[Aim of the task]: With pictures removed, output every record below exactly as written.

----------

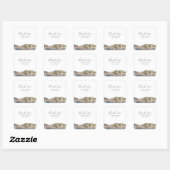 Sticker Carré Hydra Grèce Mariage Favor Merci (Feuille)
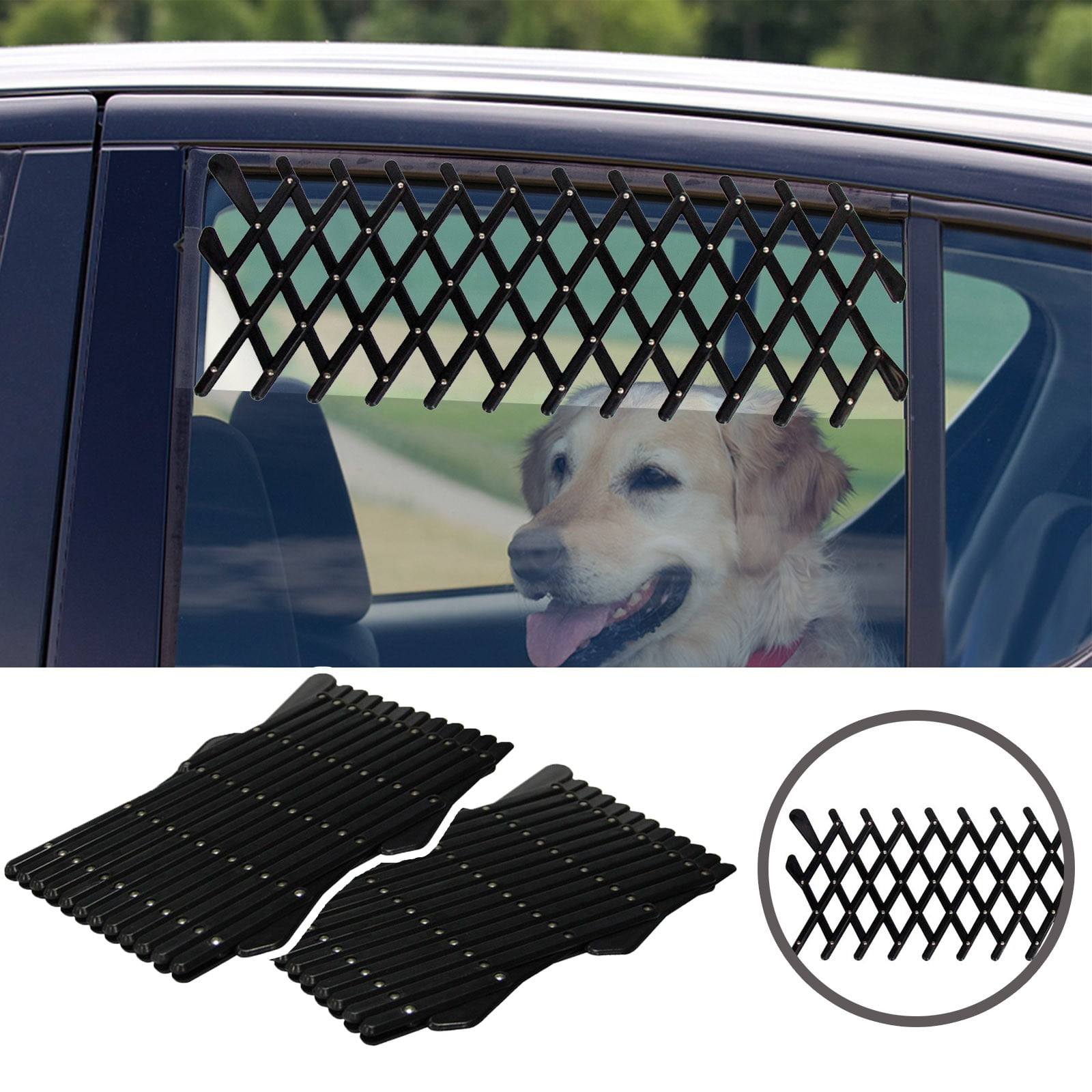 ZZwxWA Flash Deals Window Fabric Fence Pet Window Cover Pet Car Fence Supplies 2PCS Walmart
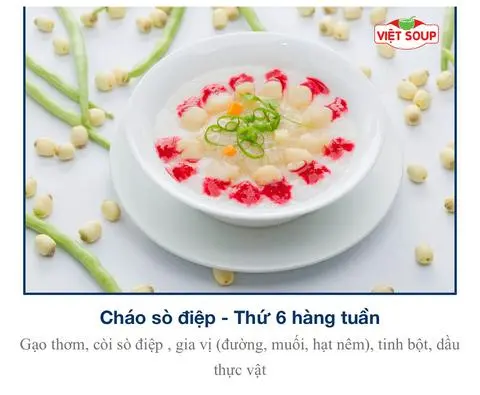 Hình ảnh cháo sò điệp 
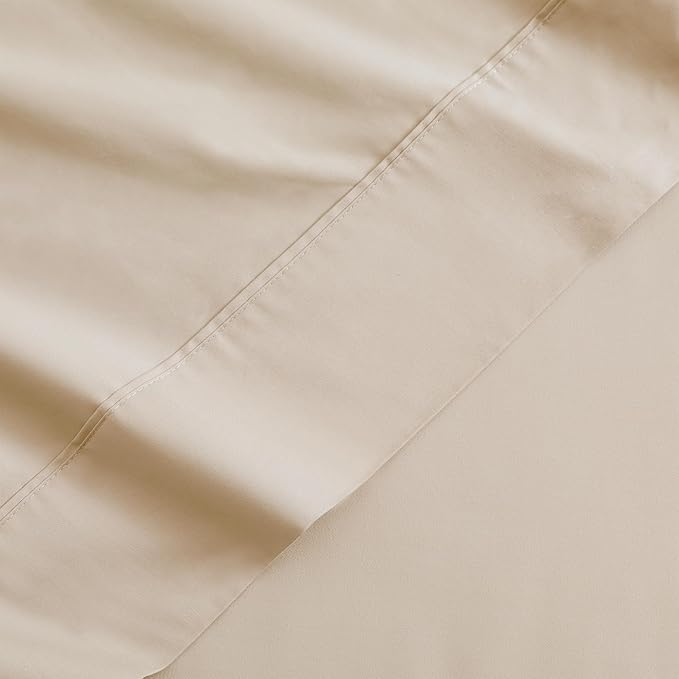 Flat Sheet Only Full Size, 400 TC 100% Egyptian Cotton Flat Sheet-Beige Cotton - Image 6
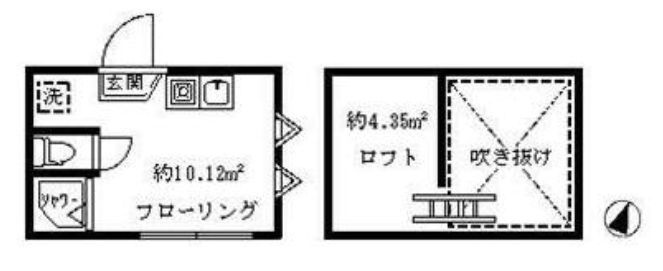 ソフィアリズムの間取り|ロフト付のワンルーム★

----------

[Task response]:
 Sticker Carré Hydra Grèce Mariage Favor Merci (Feuille)
 ZZwxWA Flash Deals Window Fabric Fence Pet Window Cover Pet Car Fence Supplies 2PCS Walmart
 Hình ảnh cháo sò điệp 
 Flat Sheet Only Full Size, 400 TC 100% Egyptian Cotton Flat Sheet-Beige Cotton - Image 6
 ソフィアリズムの間取り|ロフト付のワンルーム★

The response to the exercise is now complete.